Setelah polarisasi, kohesivitas juga turut serta sebagai akibat dari konformitas ini. Forsyth, dalam bukunya yang berjudul Group Dynamic memberikan pengertian bahwa kohesivitas kelompok merupakan kesatuan yang terjalin dalam kelompok dan menikmati interaksi satu sama lain. Kohesivitas yang terjadi dalam kelompok NASA hanya dinikmati oleh mereka ras kulit putih. Mereka memiliki ketertarikan anggota secara interpersonal pada satu sama lain, tentu hanya sesama kulit putih. Bagi ras kulit hitam, kohesivitas ini merugikan karena mereka bukan bagian dari kebanyakan. Mereka tidak merasa memiliki kesamaan dalam kelompok tersebut, dalam konteks warna kulit dan ras.
Situasi dimana ras Amerika-Afrika dipinggirkan dan direndahkan, membuat kehadiran mereka di NASA tak diapresiasi. Dalam sebuah kelompok, seorang anggota juga mengalami apa yang disebut inklusi, yaitu perasaan cemas dalam menyesuaikan diri. Hal inilah yang dirasakan ketiga sosok tersembunyi di dalam NASA. Mereka sulit menyesuaikan diri di miniature sebuah neraka, seperti yang saya tamsilkan diawal. Tidak hanya inklusi, ketiga sosok tersembunyi ini juga mengalami afeksi yang berkekurangan (underpersonal) atau rasa kasih sayang yang kurang. Kekurangan afeksi ini mereka rasakan juga disebabkan oleh adanya stigma – bodoh dan kriminalis – oleh kelompok kulit putih terhadap kelompoknya. Mereka selalu dipandang sebelah mata dan diremehkan.

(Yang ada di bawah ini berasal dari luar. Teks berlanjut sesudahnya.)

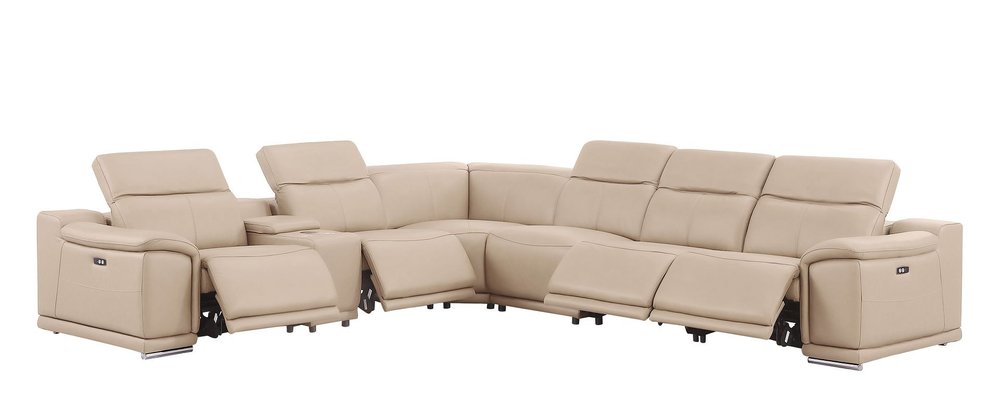 Beige Leather Power Reclining L Shaped Seven Piece Corner Sectional With Console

Secara keseluruhan, film ini berhasil membuat sadar akan betapa tingginya kesenjangan sosial antara orang yang berkulit hitam dengan mereka yang berkulit putih pada saat itu. Namun, setelah pelopor anti-apartheid Nelson Mandela berhasil menjunjung kesetaraan ras pada 1994 silam, pemisahan kelompok berdasarkan warna kulit sudah sangat berkurang saat ini.